Through the news section (in the cases in which they exist) SMEs have the opportunity to provide their publics the day-to-day information about their activities, innovations, etc. However lack of dedication to the web contents, as already suggested by the updating levels, makes the contents obsolete and uninteresting. Only one of the websites analysed had a news section that informed the user about the author and date of creation of the piece of news. Other two companies indicated the source or the date of creation, but not both data. In view of these results it can be said that SMEs are not taking advantage of this "free" channel to reach their audiences and inform them about the day-to-day activities, and other interesting aspects, since apart from the feeling of carelessness that is transmitted by the lack of news and content updating, this can lead to the loss of users’ credibility and interest towards the company.

Language and writing

The section of language and writing is one of the sections showing more uniformity among all websites studied. Most companies obtained a score equal to or higher than 3 on the scale established for any of the questions. There were some exceptions in which the language used was too technical, but 83.3% of the companies were very good or good in using the same language used by their users.
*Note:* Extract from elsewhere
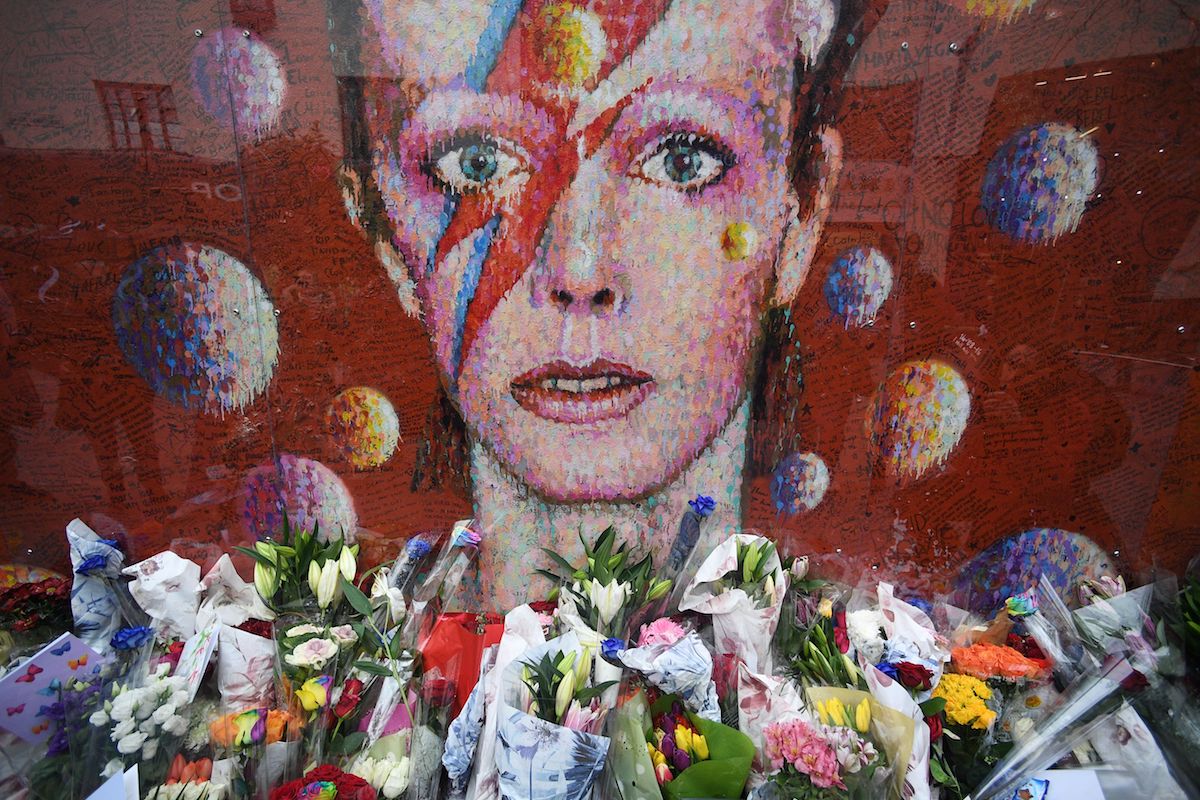 Flowers and tributes are placed by an art work of David Bowie, on his first death anniversary in Brixton, London, 10 January 2017. Photo by Facundo Arrizabalaga/EPA/REX/Shutterstock.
The websites analysed did not have large amounts of information, but were rather limited to provide an overview of the products or services offered, which facilitated the clarity of exposure of the discourse. The lack of informative density facilitates a better transmission of the message to the user through a familiar and friendly language. 58.3% of the companies distributed ideas into paragraphs, which in turn accelerates the reading on the screen and prevented the user from leaving the site due to the length of the page or the excess of much information.

Search and help

The search and help sections have been one of the major surprises in the analysis. None of the websites analysed had a search option, and only one had a FAQs option that was of not help.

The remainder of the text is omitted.